PROBLEM TO SOLVE:
Using the records below, write out only the lines from the line containing "jianzhifen 10 In" up to and including the line containing "Domo IP HiWatchT", exactly, with no pictures.

DATA:

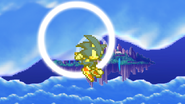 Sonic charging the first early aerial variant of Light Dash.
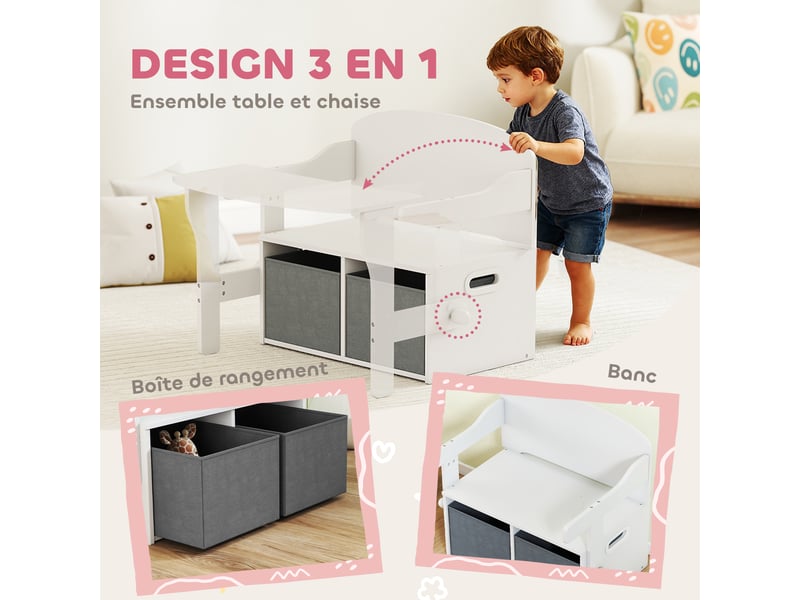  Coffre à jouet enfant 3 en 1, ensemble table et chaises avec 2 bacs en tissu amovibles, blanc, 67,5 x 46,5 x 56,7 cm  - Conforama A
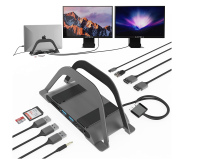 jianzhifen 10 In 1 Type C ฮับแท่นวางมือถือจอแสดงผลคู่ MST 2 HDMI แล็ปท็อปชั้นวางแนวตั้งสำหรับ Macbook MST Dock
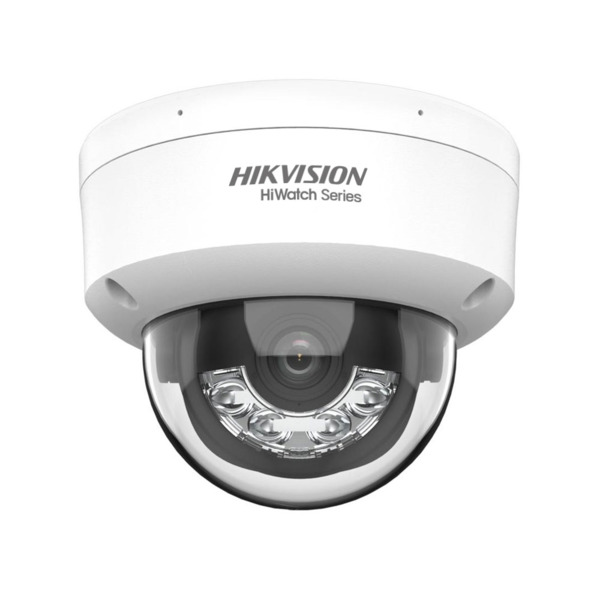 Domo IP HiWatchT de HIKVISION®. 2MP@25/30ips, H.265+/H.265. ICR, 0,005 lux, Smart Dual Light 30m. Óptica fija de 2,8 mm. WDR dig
==
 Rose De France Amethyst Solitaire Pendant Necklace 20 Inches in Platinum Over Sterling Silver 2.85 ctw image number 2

YOUR SOLUTION:
 jianzhifen 10 In 1 Type C ฮับแท่นวางมือถือจอแสดงผลคู่ MST 2 HDMI แล็ปท็อปชั้นวางแนวตั้งสำหรับ Macbook MST Dock
 Domo IP HiWatchT de HIKVISION®. 2MP@25/30ips, H.265+/H.265. ICR, 0,005 lux, Smart Dual Light 30m. Óptica fija de 2,8 mm. WDR dig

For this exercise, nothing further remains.